** AIM OF THE EXERCISE **
From the entries below, return only the lines starting at the one that contains "CHANEL Caviar Skin Chain Tote Bag" and ending at the one that contains "Preview of Shark", exactly as they stand.

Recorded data

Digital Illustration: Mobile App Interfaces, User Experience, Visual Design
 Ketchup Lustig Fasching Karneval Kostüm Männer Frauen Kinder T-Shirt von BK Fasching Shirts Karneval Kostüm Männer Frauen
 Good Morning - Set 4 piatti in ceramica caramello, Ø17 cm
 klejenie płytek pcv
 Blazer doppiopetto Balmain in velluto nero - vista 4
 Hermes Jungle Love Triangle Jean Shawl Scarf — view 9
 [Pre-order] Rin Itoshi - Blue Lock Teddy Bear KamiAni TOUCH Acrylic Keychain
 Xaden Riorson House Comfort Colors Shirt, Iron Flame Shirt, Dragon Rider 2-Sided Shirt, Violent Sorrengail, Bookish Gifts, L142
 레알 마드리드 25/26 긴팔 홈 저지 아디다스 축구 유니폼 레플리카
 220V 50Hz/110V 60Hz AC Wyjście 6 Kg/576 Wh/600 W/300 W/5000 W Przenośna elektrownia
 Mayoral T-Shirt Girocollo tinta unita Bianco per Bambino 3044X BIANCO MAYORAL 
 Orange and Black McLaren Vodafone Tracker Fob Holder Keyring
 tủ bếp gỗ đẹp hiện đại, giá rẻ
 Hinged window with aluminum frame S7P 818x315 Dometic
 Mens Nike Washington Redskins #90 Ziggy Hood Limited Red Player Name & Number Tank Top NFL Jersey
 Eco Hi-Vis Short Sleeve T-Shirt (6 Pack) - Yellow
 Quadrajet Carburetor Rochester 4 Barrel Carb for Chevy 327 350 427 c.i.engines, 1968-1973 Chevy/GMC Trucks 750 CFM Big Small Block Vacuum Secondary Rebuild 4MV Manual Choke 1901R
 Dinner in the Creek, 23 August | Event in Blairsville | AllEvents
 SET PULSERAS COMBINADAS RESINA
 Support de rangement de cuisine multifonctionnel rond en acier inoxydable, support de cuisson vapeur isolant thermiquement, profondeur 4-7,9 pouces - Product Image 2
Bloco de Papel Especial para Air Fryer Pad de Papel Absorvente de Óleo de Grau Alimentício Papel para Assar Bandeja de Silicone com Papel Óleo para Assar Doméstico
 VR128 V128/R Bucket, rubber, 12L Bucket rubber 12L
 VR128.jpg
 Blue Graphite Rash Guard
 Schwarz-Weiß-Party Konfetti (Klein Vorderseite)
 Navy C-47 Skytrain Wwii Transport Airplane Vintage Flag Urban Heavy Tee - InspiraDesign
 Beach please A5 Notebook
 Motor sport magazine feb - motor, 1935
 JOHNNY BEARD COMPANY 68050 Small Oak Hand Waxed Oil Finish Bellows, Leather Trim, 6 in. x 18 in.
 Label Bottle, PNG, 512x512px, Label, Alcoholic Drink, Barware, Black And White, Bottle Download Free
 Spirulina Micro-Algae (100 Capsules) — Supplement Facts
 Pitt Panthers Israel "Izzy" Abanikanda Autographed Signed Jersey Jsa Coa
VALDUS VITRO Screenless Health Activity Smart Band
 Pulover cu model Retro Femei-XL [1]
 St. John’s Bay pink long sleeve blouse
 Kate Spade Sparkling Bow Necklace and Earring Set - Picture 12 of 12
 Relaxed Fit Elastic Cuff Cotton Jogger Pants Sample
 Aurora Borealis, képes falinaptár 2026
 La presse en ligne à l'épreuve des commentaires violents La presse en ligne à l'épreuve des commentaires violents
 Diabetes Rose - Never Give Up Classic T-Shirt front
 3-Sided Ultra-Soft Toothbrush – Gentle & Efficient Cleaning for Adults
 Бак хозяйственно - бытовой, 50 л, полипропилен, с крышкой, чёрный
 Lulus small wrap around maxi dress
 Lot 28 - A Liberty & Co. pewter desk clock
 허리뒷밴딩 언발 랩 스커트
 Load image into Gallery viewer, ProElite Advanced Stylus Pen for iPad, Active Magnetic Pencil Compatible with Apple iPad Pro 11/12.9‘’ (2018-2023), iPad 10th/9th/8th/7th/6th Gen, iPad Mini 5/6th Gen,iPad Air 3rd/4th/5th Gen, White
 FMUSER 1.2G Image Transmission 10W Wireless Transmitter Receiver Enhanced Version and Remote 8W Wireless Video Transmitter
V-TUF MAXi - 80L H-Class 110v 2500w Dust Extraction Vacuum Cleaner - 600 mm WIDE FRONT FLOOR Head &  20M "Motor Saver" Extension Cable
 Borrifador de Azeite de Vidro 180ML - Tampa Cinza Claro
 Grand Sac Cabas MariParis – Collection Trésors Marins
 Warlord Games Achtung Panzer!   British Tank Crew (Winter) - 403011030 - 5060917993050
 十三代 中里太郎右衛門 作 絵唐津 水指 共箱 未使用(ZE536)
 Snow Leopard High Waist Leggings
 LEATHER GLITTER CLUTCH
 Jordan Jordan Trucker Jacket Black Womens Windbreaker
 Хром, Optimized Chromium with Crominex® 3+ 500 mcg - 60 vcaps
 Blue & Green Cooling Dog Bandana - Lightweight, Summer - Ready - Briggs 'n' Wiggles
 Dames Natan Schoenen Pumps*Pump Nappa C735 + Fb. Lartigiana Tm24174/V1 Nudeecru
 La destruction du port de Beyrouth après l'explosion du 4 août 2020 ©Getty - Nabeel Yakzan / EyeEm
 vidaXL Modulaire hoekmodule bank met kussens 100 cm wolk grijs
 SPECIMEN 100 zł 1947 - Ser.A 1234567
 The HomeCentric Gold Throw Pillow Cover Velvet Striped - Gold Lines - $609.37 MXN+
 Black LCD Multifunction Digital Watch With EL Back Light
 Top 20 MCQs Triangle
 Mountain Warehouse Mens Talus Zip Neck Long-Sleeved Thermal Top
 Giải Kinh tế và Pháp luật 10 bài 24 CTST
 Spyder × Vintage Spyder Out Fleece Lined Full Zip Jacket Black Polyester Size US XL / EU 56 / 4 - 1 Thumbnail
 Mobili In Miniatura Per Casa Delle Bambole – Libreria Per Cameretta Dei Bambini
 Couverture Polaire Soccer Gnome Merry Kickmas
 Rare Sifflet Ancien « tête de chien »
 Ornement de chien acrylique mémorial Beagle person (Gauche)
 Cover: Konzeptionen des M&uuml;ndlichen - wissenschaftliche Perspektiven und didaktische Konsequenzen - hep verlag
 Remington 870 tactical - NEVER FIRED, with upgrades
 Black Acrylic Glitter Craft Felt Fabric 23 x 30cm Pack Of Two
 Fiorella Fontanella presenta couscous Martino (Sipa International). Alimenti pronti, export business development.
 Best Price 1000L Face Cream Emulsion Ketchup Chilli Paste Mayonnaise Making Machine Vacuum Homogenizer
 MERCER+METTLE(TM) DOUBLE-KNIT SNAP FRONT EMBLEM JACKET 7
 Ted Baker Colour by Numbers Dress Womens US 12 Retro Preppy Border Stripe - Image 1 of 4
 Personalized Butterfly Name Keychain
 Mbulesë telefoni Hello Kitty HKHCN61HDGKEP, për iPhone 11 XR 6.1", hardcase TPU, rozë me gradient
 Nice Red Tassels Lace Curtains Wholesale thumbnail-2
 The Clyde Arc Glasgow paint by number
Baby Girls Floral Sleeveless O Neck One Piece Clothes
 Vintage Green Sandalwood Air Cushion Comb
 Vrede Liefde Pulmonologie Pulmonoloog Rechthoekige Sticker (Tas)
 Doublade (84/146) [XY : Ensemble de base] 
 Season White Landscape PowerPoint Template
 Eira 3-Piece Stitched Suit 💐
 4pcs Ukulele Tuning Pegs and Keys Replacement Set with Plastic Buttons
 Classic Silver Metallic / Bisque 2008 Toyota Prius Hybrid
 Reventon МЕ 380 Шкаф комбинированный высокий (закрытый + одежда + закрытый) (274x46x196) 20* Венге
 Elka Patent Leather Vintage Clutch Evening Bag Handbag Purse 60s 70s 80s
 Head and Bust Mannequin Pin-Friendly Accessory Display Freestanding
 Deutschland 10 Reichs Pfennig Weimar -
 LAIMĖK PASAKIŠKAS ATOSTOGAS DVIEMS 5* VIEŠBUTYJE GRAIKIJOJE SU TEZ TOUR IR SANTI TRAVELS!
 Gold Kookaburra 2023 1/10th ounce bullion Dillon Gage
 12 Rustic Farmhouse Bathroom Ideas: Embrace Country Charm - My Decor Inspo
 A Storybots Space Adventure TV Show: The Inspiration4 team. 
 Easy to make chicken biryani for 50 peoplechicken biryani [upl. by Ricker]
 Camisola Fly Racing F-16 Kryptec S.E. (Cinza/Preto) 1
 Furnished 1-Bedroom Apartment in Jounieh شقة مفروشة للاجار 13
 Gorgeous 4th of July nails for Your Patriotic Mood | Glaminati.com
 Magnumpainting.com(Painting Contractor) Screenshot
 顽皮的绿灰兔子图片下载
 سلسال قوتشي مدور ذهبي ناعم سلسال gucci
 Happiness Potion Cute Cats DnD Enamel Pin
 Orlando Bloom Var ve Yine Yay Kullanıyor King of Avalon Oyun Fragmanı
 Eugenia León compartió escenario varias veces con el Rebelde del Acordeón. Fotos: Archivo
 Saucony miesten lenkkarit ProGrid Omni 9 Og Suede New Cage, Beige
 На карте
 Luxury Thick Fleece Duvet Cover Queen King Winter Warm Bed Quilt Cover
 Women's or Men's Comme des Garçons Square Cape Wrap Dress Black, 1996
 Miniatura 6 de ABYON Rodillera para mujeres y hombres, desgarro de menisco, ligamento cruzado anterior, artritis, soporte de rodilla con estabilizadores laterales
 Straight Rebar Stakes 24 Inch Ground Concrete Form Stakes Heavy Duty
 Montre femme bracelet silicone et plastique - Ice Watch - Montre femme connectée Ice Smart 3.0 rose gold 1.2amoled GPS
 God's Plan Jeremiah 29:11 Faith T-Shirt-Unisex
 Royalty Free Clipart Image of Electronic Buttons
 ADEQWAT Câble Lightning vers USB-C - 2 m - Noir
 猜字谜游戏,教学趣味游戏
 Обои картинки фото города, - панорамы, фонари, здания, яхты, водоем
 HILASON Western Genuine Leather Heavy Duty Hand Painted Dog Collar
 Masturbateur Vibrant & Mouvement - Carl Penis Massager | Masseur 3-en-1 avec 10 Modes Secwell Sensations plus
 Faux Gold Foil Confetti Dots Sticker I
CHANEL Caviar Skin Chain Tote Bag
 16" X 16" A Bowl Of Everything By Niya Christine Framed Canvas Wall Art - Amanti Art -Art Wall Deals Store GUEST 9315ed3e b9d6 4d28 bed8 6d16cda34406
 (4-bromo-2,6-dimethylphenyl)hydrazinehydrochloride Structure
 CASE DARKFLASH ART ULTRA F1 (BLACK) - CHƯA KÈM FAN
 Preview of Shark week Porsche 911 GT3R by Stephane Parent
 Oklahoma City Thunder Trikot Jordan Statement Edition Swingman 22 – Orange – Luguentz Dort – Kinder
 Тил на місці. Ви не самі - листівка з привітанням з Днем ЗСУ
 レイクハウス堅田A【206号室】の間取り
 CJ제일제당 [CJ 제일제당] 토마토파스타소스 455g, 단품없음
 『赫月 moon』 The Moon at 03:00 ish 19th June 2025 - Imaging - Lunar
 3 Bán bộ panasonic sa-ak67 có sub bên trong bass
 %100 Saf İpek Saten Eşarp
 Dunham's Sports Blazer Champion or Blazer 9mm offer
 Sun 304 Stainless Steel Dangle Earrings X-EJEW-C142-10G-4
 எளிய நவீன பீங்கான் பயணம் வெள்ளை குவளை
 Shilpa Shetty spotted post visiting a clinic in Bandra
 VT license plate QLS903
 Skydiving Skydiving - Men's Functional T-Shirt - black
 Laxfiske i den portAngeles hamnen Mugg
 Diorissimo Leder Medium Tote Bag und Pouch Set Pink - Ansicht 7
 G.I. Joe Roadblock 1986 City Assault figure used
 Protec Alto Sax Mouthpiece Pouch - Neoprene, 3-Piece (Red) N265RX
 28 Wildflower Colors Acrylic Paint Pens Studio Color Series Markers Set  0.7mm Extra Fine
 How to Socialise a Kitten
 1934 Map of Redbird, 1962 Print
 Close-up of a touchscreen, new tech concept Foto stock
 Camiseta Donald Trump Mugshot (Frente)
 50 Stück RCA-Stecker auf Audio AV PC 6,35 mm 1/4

** TASK SOLUTION **
CHANEL Caviar Skin Chain Tote Bag
 16" X 16" A Bowl Of Everything By Niya Christine Framed Canvas Wall Art - Amanti Art -Art Wall Deals Store GUEST 9315ed3e b9d6 4d28 bed8 6d16cda34406
 (4-bromo-2,6-dimethylphenyl)hydrazinehydrochloride Structure
 CASE DARKFLASH ART ULTRA F1 (BLACK) - CHƯA KÈM FAN
 Preview of Shark week Porsche 911 GT3R by Stephane Parent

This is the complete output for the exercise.